In pandas, the sep parameter specifies the delimiter that separates fields in csv file. 
1. A standad csv contains (,): column1,column2,column3
2. other delimiters jmight include tabs (\t); semicolons(;) or spaces
Delimiter is alias for sep which does same thing; we can use either but sep is preferable 

In [115]:
help(pd.read_csv)

Help on function read_csv in module pandas.io.parsers.readers:

read_csv(filepath_or_buffer: 'FilePath | ReadCsvBuffer[bytes] | ReadCsvBuffer[str]', *, sep: 'str | None | lib.NoDefault' = <no_default>, delimiter: 'str | None | lib.NoDefault' = None, header: "int | Sequence[int] | None | Literal['infer']" = 'infer', names: 'Sequence[Hashable] | None | lib.NoDefault' = <no_default>, index_col: 'IndexLabel | Literal[False] | None' = None, usecols: 'UsecolsArgType' = None, dtype: 'DtypeArg | None' = None, engine: 'CSVEngine | None' = None, converters: 'Mapping[Hashable, Callable] | None' = None, true_values: 'list | None' = None, false_values: 'list | None' = None, skipinitialspace: 'bool' = False, skiprows: 'list[int] | int | Callable[[Hashable], bool] | None' = None, skipfooter: 'int' = 0, nrows: 'int | None' = None, na_values: 'Hashable | Iterable[Hashable] | Mapping[Hashable, Iterable[Hashable]] | None' = None, keep_default_na: 'bool' = True, na_filter: 'bool' = True, verbose: 'bool | 

In [116]:
    penguins = pd.read_csv(r"D:\python_env\Pandas_Practise_Portfolio\Datasets\penguins.csv",
    sep=",",
    header=0, #means first row(row 0) is treated as column names and data starts from next row. or Header="infer"
    index_col="rowid")      #exisiting column as index rather than system generated index. 

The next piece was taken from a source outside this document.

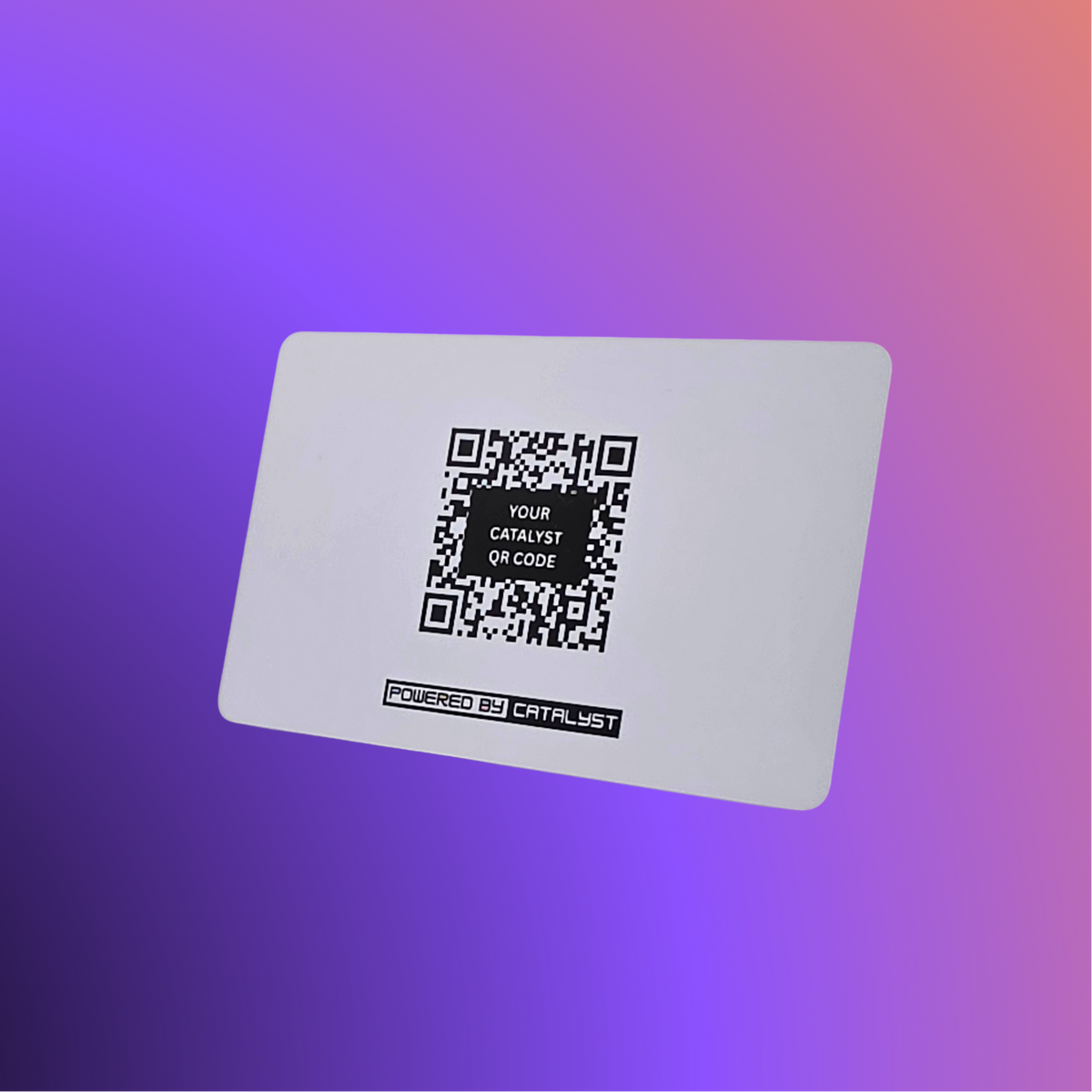 The Catalyst Card in matte white, back view, showing the QR code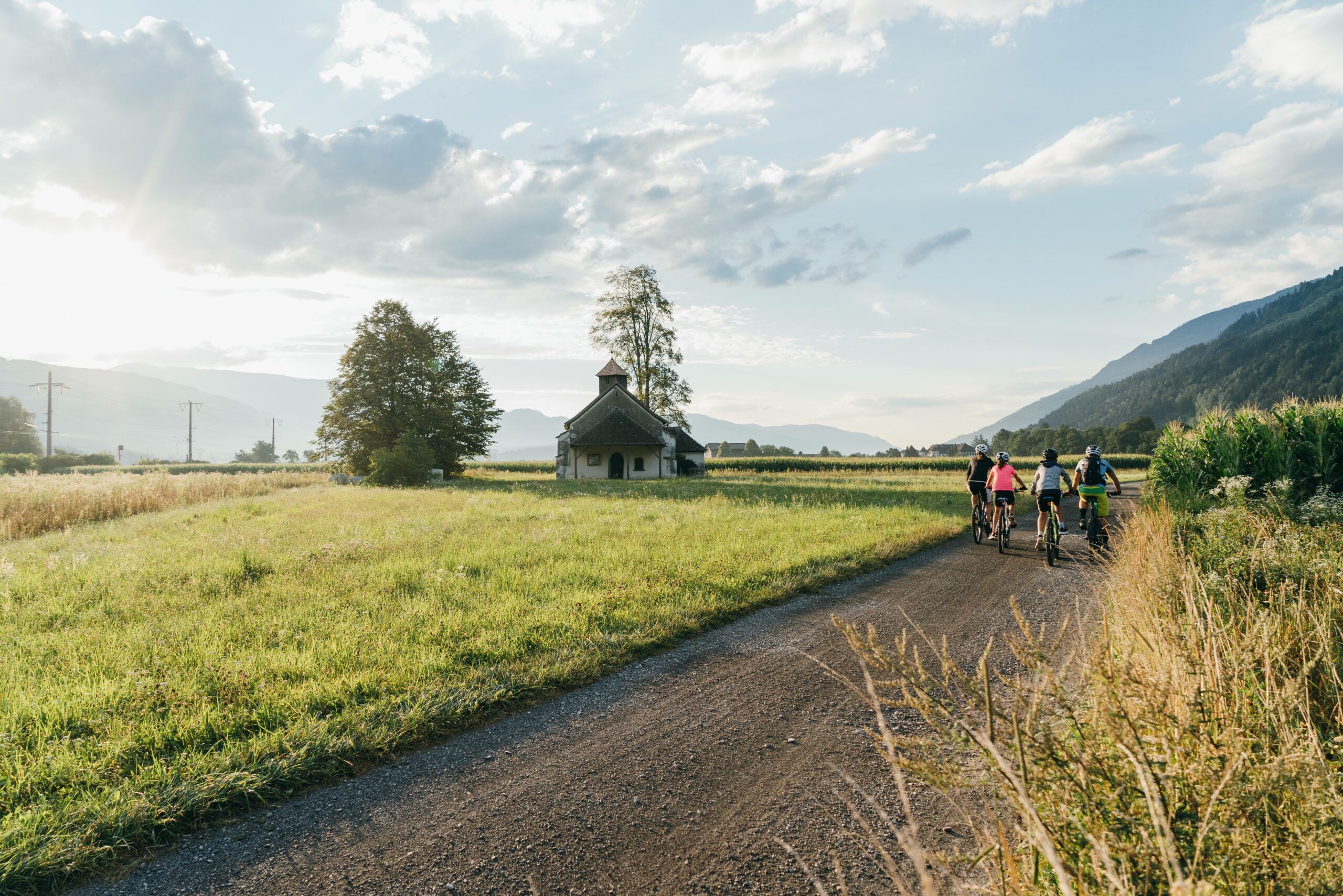 Ciclisti che pedalano in una ciclabile su strada di campagna in Carinzia in una giornata soleggiata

    #names=[] if we dont have column names or it is not specified. 

    penguins.head()

Unnamed: 0_level_0,species,island,bill_length_mm,bill_depth_mm,flipper_length_mm,body_mass_g,sex,year
rowid,Unnamed: 1_level_1,Unnamed: 2_level_1,Unnamed: 3_level_1,Unnamed: 4_level_1,Unnamed: 5_level_1,Unnamed: 6_level_1,Unnamed: 7_level_1,Unnamed: 8_level_1
1,Adelie,Torgersen,39.1,18.7,181.0,3750.0,male,2007
2,Adelie,Torgersen,39.5,17.4,186.0,3800.0,female,2007
3,Adelie,Torgersen,40.3,18.0,195.0,3250.0,female,2007
4,Adelie,Torgersen,,,,,,2007
5,Adelie,Torgersen,36.7,19.3,193.0,3450.0,female,2007


import os  # python command that imports the built-in OS module which allows to interact vwith the operating system. 
1. it helps in file and directory manipulation: create, delete, rename and list files and directories. 
2. Path operations: os.path.join() can be used to construct file paths which is correct for specific OS. 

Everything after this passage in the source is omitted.